- Born: 13 November 1906
- Died: 25 March 1987 (aged 80)
- Education: Jaffna Central College St. Benedict's College, Colombo Royal College, Colombo Ceylon University College Emmanuel College, Cambridge
- Occupation: Academic

= A. W. Mailvaganam =

Vidya Jyothi Arumugam Wisvalingam Mailvaganam, OBE (13 November 1906 - 25 March 1987) was a leading Ceylon Tamil physicist, academic and the dean of the Faculty of Science, University of Ceylon.

==Early life and family==
Mailvaganam was born on 16 November 1906. He was the son of Arumugam Wisvalingam from Suthumalai in northern Ceylon. He was educated at Jaffna Central College, St. Benedict's College, Colombo and Royal College, Colombo. After school he joined Ceylon University College, graduating in 1923 with first class BSc honours degree in science. He then joined Emmanuel College, Cambridge in 1924, obtaining an MA honours degree in Natural Science Tripos in 1928. He received a PhD from Cambridge in 1938.

Mailvaganam had a son, Gajanandan Nandakumar. Mailvaganam was a devout Hindu and worshipped at the temple in Bambalapitiya.

==Career==
After university Mailvaganam joined the Ceylon University College as a lecturer in physics in 1932. He became a professor of physics in 1939 and served Dean of the Faculty of Science, University of Ceylon between 1948 and 1954. He acted as vice chancellor on a number of occasions when Nicholas Attygalle was vice chancellor. He retired in 1966.

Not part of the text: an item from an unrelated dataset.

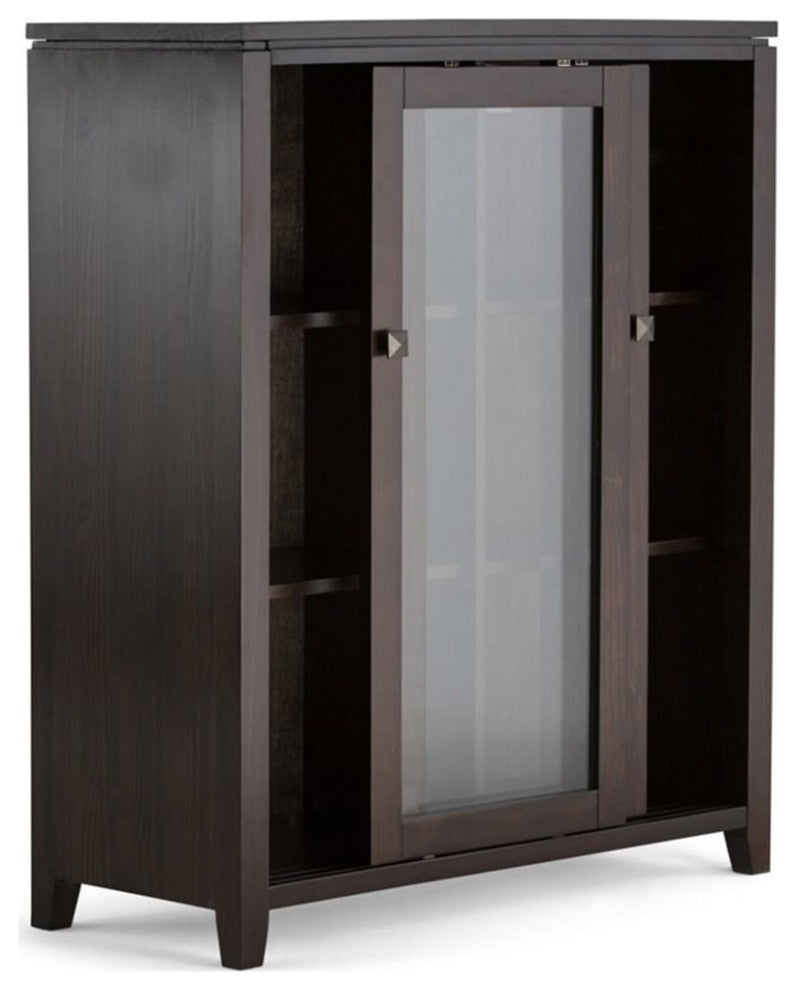 Solid Wood 36 Inch Wide Medium Storage Cabinet In Mahogany Brown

In the 1949 Birthday Honours Mailvaganam was made an Officer of the Order of the British Empire. He received the Vidya Jyothi honour in 1985.

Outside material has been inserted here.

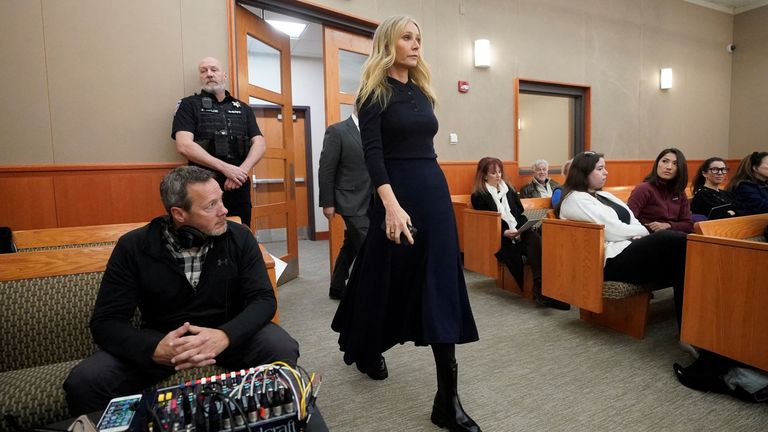 Gwyneth Paltrow enters the courtroom for her ski crash trial, in Park City, Utah, U.S. March 24, 2023. Rick Bowmer/Pool via REUTERS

Mailvaganam was president of the Ceylon Association for the Advancement of Science and a member of the University Grants Commission and Board of Governors of the Institute of Fundamental Studies. He received honorary DSc degrees from the University of Colombo (December 1980) and University of Jaffna. The University of Colombo has named one of its annual awards after Mailvaganam.

==Death==
Mailvaganam died on 25 March 1987.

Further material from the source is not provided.